Jennifer Jones is well on her way to becoming a second generation machine operator thanks to a new program at Onondaga Community College. She spent 24 years in the healthcare industry providing comfort to people in the final years of their lives. The emotional toll of the job wore on her. As she was deciding she needed to do something else, Jones heard about a Machine Operator certificate program starting at the College. “I didn’t want to live paycheck to paycheck any more. I wanted to have a career instead of a job. I was looking for a career and this is it.”
The first day of class was in September but months of behind-the-scenes work was needed before the teaching and learning would begin. The need for the program had been discussed for years. Employers were struggling to find qualified workers for entry level positions in advanced manufacturing.
Legislation funding the program was introduced by Assemblyman Al Stirpe (D-Cicero) and included in the 2014-15 New York State budget. OCC was also awarded a $2.5 million grant from the U.S. Department of Labor as part of the Trade Adjustment Assistance Community College and Career Training (TAACCCT) program. That funding led to the enhancement of the College’s Workforce Development office. The College also received a $220,000 grant from JP Morgan Chase in support of workforce development. The generous support would mean all costs for students enrolled in the program would be covered including textbooks and tools.
Early in 2015 Workforce Development hosted a series of meetings with area employers, collecting the information students would need to learn. Designing the coursework based on employer recommendations is known as the DACUM process. DACUM stands for Developing a Curriculum. After a half-century of use it is widely accepted as the best methodology for creating competency-based and employer-driven training to build workforce capacity.
In August 2015 Workforce Development held “draft day” at SUNY EOC, also known as the Syracuse Educational Opportunity Center. Potential students, identified as either unemployed or underemployed were invited to participate. They were tested for their reading, math and employability skills and went through an interview process with community partners and potential employers.
When classes began the schedule was structured to closely mimic a work day. Students would arrive at 8 a.m., break for lunch and continue learning until 3 p.m. five days a week. In the program’s first month the 49-year-old Jones established herself as one of the top students and she’s getting some welcome help at home. Her father is a retired machine operator from Lipe Rollway who enjoys talking shop with his daughter every night. “When I tell him what I’m learning I get so excited and he sees how excited I am. He actually teaches me stuff at home. It’s been a great experience.”
Marty Sedlock brings more real-world experience to the class than any other student. He worked in biotechnology manufacturing in Massachusetts and New Hampshire before being downsized. Sedlock is 51-years-old and attended college much earlier in life. He earned an associate degree from Middlesex Community College in Massachusetts and also took classes at SUNY Oswego. “The class is interesting. It has my brain ticking again because I hadn’t been in school in a long time.” After completing the course and getting a job Sedlock plans to return to OCC. “I want to pursue a two-year degree. I need to figure out what I’m good at and which direction I should go in.”

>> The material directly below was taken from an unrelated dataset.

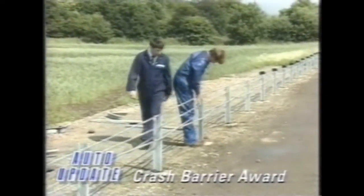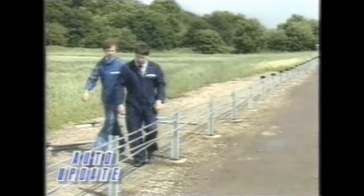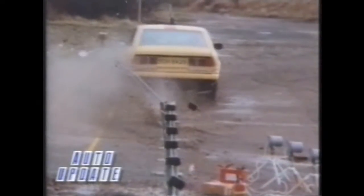This alternative to the familiar crash barrier has just won a Design Council award for technical innovation. It's a tensioned wire rope fence, which has the advantage of guiding a vehicle along it, making a collision with oncoming traffic less likely. It's also cheaper to maintain.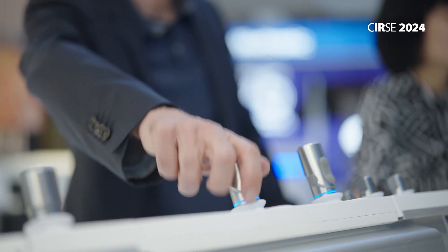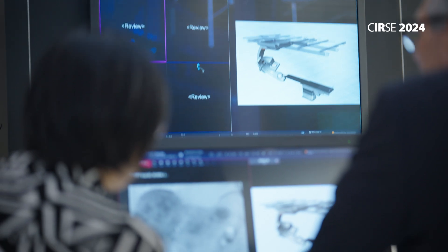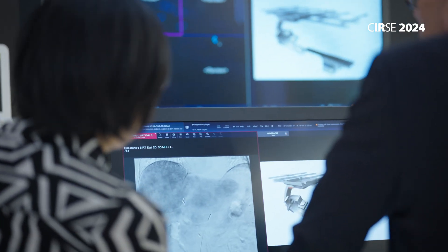Another feature of the Iconor that we find extremely useful is the needle guidance function. The needle guidance function allows you to do CT-guided interventions on the angiography system. You import your 3D CT or MR data sets into the Iconor.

Troy Jackson views the class as the opportunity of a lifetime. The 38-year-old father of five is focused on success for both himself and his family. “I want to show my children what I can do. It’s part of a progression in my life.” Jackson never graduated from high school but he did earn a GED. With his new found determination he’s been able to master the course work. “It feels really good to be focusing all of my energy on one thing. The crazy thing is that it’s not hard for me. Things may be a little bit confusing sometimes but there isn’t anything I can’t figure out.” Jackson’s goal is to pursue a two-year degree at OCC and eventually open his own manufacturing business.
The non-credit Machine Operator course is on track to conclude in December. The program includes a 100 hour internship which puts well-performing students on the path to employment. The median wage for machine operators is $36,000.
This program is a collaborative effort involving CenterState CEO, CNY Works, JOBSplus!, MACNY, OCC, OnPoint for College, SUNY EOC and Technology Development Organization, Inc.
OCC’s Manufacturing Machine Operator I program has been funded under a United States Department of Labor TAACCCT Grant whose purpose is to facilitate greater employment by improving workforce education.